I'm not going to argue the case. I've already run millions of games,
Exactly. You run games. Bad idea! Very noisy...
Then this is a hopeless discussion. I don't have any "noise" to speak of because I play enough games to drown the noise out. That is the point. And I don't have to spend any massive amount of time going over the results to decide good or bad.

Did you ever stop to think why almost _everybody_ relies on games to make these decisions? The commercial authors have discussed this here from time to time. CT once mentioned the exact same thing I am discussing, that testing this way is the most critical aspect of developing a chess program. We develop them to play games. They ought to be evaluated doing the thing they were designed to do.

our "team" has looked at the ridiculous level of non-determinism we have been producing on the cluster.
You keep saying that, and fail to substantiate it with evidence. There was nothing I would consider ridiculous in the variability you showed in the 80-game mini-matches, it was in fact lower than expected from sound statistical treatment.
Then answer me this. Old version produces a result of 45-35. New version produces a result of 35-45. Do you keep the change or not? You run the test again, and get 40-40. Now what? I have explained that multiple times. You never address that question, instead changing the topic to something that is not directly related to the original point I raised.

Again, I want something I can execute which comes back with "go / no-go" with respect to accepting/rejecting a new change to Crafty. I don't want any extra subjective effort required. I want the test to measure Crafty as closely as possible to the way it will play in a tournament. Etc.

Somehow that is getting overlooked...

and we've spent hundreds of hours going over the results to understand what is going on in them.

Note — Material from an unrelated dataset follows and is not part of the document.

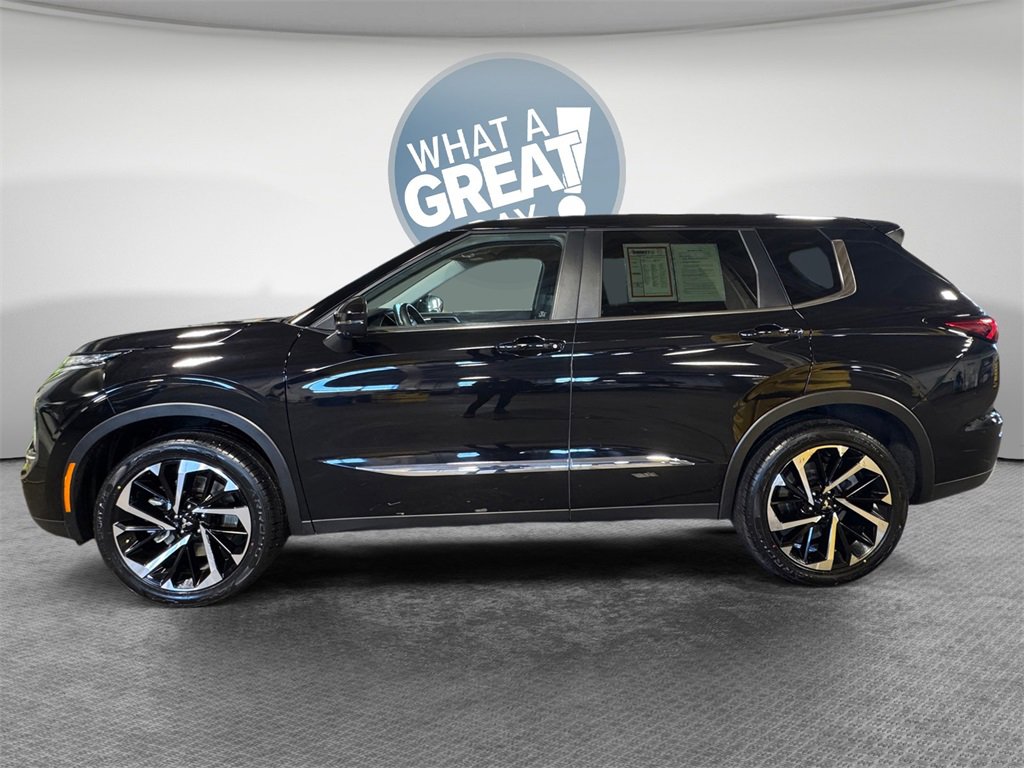 Used 2024 Mitsubishi Outlander SE image 7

The bottom line is that large sample size == high level of confidence in the results, small sample size == very low level of confidence in the results. It really is that simple. And trying to finagle ways to somehow make large sample size close to small sample size isn't going to work.
Well, sorry to burst your bubble, but there are actually standard techniques for this in statistics. If I want to know how much on the average children grow between their 8th and 9th birthday, the most stupid thing to do is select N children at 8 and measure there average length, and then independently select N children at age 9 to make a new average, and then take the difference.
Aha. You get my point. That is _exactly_ what _you_ are doing with a small sample size. I am playing enough games so that I take most of the available children in the 8-year-old age group, so that I _do_ get better answers. How can you misunderstand that?

I'm not for small sample sizes at all. Never have been throughout this discussion... You have been the one advocating the smaller samples, not me. I _know_ I need to sample enough of the population to get a good estimate of the actual mean.

Due to the large variance in the length of children in the population, you would need N to be many millions before the standard error would give you any significance on the difference. What one does in stead is select N children, and measure these same children both at age 8 and 9. Then you can reach the same level of accuracy with just N=100 or so.
I would think that everyone sees the importance of an _accurate_ assessment approach to decide whether a change is good or bad. It is _the_ way to make progress. Trying to short-cut the process is just a "random walk" experiment. Eventually you will "get there" but after a whole lot more false steps than the methodical approach.
Accuracy can come from using smart methodology just as much, if not more, as from sample size.
Baloney. If the sample size is too small, all the T-tests and chi-square tests in the world are not going to help because of the standard error... I'm going for an error estimate small enough to give me confidence in my decision on whether to keep changes or not. I am not going to play 32 games in a mini-round-robin event to make that decision, the data is no good.